Provided material:
■ ■ ■ ■ ■
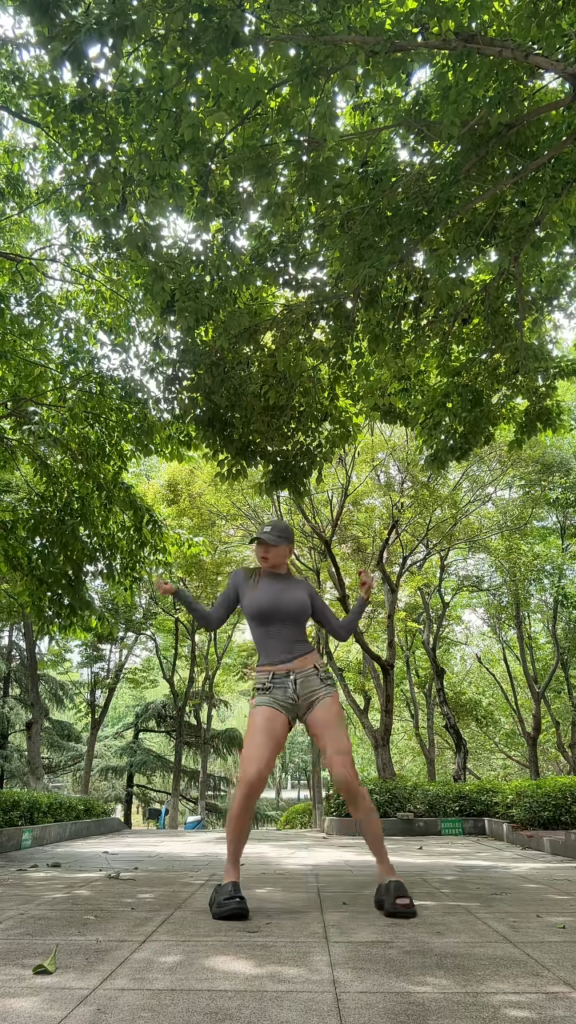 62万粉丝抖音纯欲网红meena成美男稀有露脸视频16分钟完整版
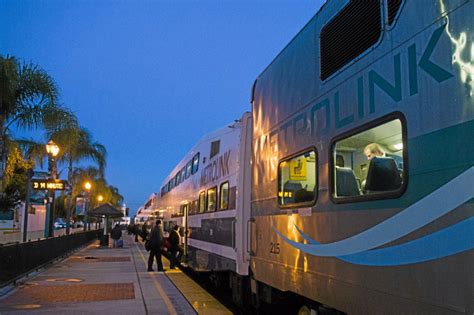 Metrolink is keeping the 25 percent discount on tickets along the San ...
■ ■ ■ ■ ■
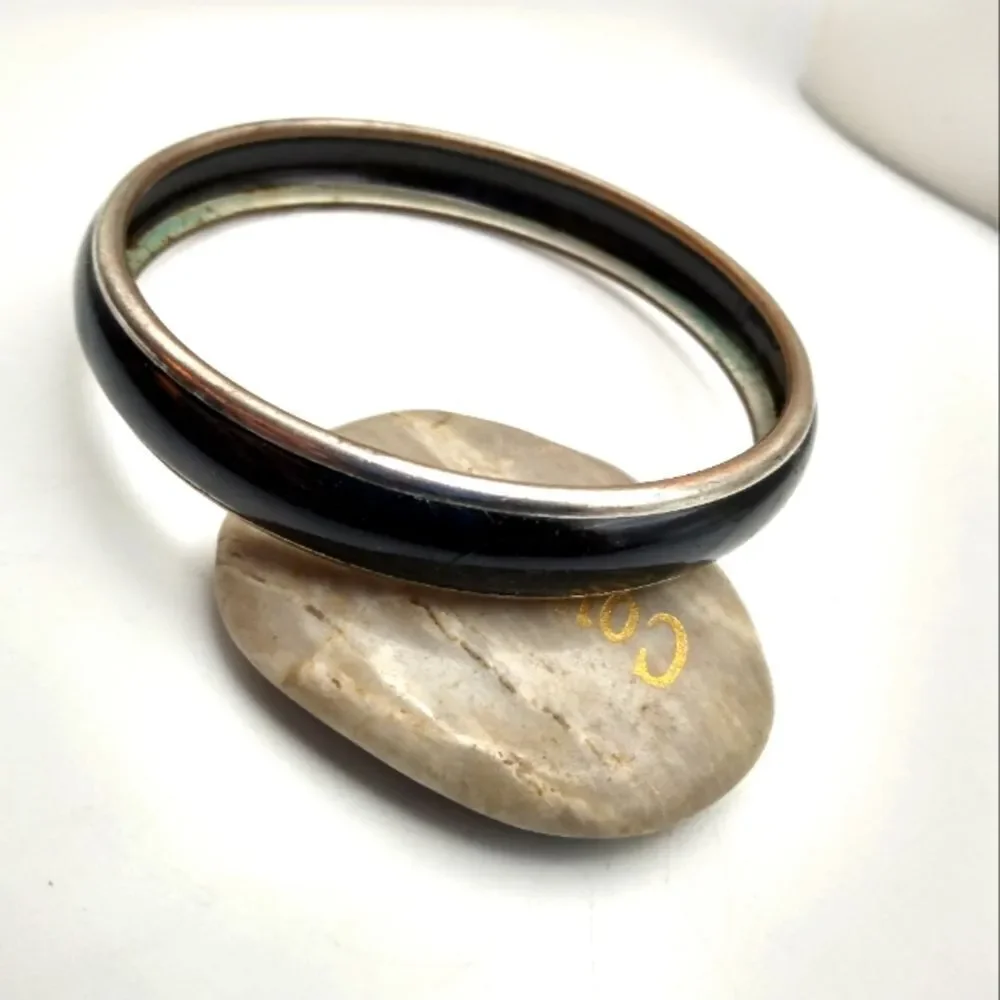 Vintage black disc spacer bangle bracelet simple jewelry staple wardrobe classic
■ ■ ■ ■ ■
Try it:
Everything from the line with "62万粉丝抖音纯欲网红meena成美男稀有露脸视频16分钟完整版" down to the line with "the San ..." in the data above should be copied exactly, with both end lines kept and the pictures left out.

Response to this task:
 62万粉丝抖音纯欲网红meena成美男稀有露脸视频16分钟完整版
 Metrolink is keeping the 25 percent discount on tickets along the San ...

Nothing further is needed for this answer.